Twenty years ago, I started using drug store glasses to read, and four years ago, I finally got a pair of real prescription glasses. Around the same time, I noticed I was saying “What?” a lot at teacher meetings when nobody else seemed to have trouble hearing what was said. Also, my wife was asking me to turn down the television a lot. Last month I finally got around to checking it out, and an audiologist told me I had moderate to severe hearing loss, especially with high-pitched sounds like the voices of women and children.
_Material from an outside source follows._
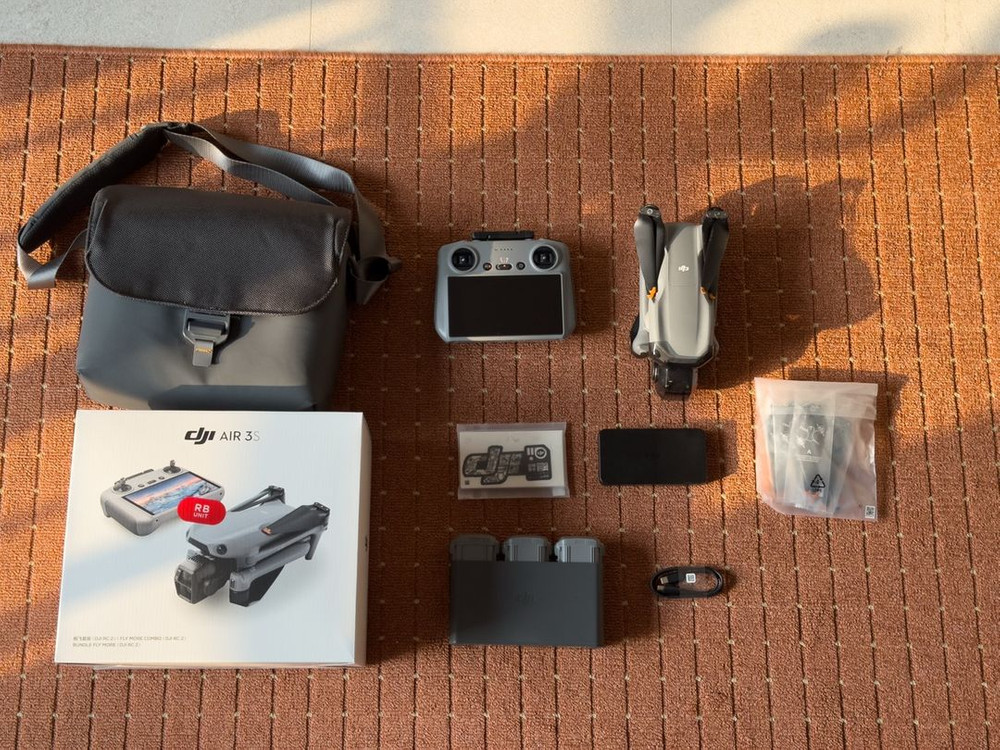 DJI 에어 3s 플라이모어 콤보 리퍼브 유닛 판매합니다--8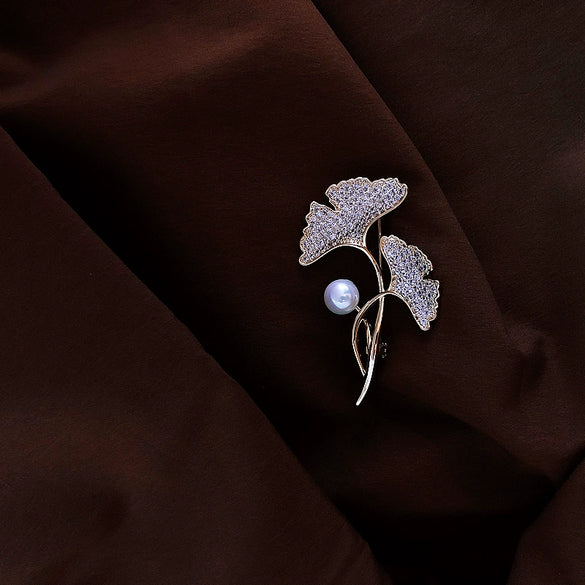 Women's Alloy Ginkgo Flower Brooch With Electroplating Design For Clothes Decoration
I reluctantly bought two expensive hearing aids a few days before my daughter Annie and her family moved back into their house after staying with us for several months. It was apparent right away that my new hearing devices eliminated any difficulty I had hearing children’s voices and I began to wonder if they worked too well.
Now that we have the house to ourselves again, I’m hearing the clock tick and the refrigerator go through its cycles. At Sunday mass, I heard a beautiful rendition of “Ave Maria” by choir director Heather Sheehan.
The bleed in my eye was likely caused by the Buerger’s Disease I was diagnosed with thirty years ago, or the blood thinner I take for it, or both. It’s a disease of the small arteries and I’ve had several aneurysms in my legs over the years. My brother died of the disease after multiple amputations. If not for a good surgeon and the wonders of modern medicine, I might not have two good legs. I might have been half blind, and wouldn’t be able to hear the song of cardinals or the laughter of my grandchildren nearly as well.

Life is good indeed, and every day is precious.